The foursome reached Memphis the first evening and, in company with some friends congregated in the bar of the Union Hotel for a farewell drinking party, where Crockett repeated an oft-heard refrain from his unsuccessful campaign that, "since you have chosen to elect a man with a timber toe to succeed me, you may all go to hell and I will go to Texas." They set off the next day, ferrying across the Mississippi River and riding overland to Little Rock, Arkansas. The group then traveled southwest to the Red River at the boundary with North Texas. Crossing the Red River, they passed through Clarksville, and by January 5, 1836 reached Nacogdoches. At San Augustine the party evidently divided and Burgin and Tinkle went home. Crockett and Patton signed the oath of allegiance, but only after Crockett insisted upon the insertion of the word "republican" in the document. They thus swore their allegiance to the "Provisional Government of Texas or any future republican Government that may be hereafter declared." Crockett balked at the possibility that he would be obliged to support some future government that might prove despotic. On January 9 he wrote his last letter home, telling family and friends that "I am rejoiced at my fate."
In early February Crockett arrived at San Antonio de Béxar; Antonio López de Santa Anna arrived on February 23. On the one hand Crockett was still fighting Jackson. The Americans in Texas were split into two political factions that divided roughly into those supporting a conservative Whig philosophy and those supporting the administration. Crockett chose to join Col. William B. Travis, who had deliberately disregarded Sam Houston's orders to withdraw from the Alamo, rather than support Houston, a Jackson sympathizer. What was more, he saw the future of an independent Texas as his future, and he loved a good fight.

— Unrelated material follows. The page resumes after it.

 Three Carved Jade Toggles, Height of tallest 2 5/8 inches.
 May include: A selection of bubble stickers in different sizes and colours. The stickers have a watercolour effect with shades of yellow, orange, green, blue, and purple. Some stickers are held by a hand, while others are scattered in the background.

Crockett died in battle of the Alamo on March 6, 1836. What one writer has dubbed "a monstrous and unwieldy subcategory of Texana and Alamo writing," and another calls "the Crockett death wars," emerged as a result of the publication of the journal of Lt. José Enrique de la Peña. This "eyewitness account" declared that Crockett and five or six others were captured when Mexican troops overtook the Alamo at about six o'clock that morning. Santa Anna had ordered that no prisoners be taken. Infuriated when some of his officers brought the Americans before him to try to intercede for their lives, he ordered them executed and they were killed with bayonets and swords. De la Peña recounted that "these unfortunates died without...humiliating themselves before their torturers." A contentious and occasionally acrimonious controversy arose over whether de la Peña's diary was accurate, inaccurate, or even a twentieth century forgery. The debate initiated with the insistence of some contestants on calling the narrative a diary, which de la Peña never claimed. Rather, he made it clear that he wrote a narrative compiled from a mixture of notes made at the time, later recollections, accounts given him by others, and accounts in the Mexican press. De la Peña did not claim that he actually witnessed Crockett's death, and the passage dealing with it appears to reflect other statements that were plentiful in the press at the time.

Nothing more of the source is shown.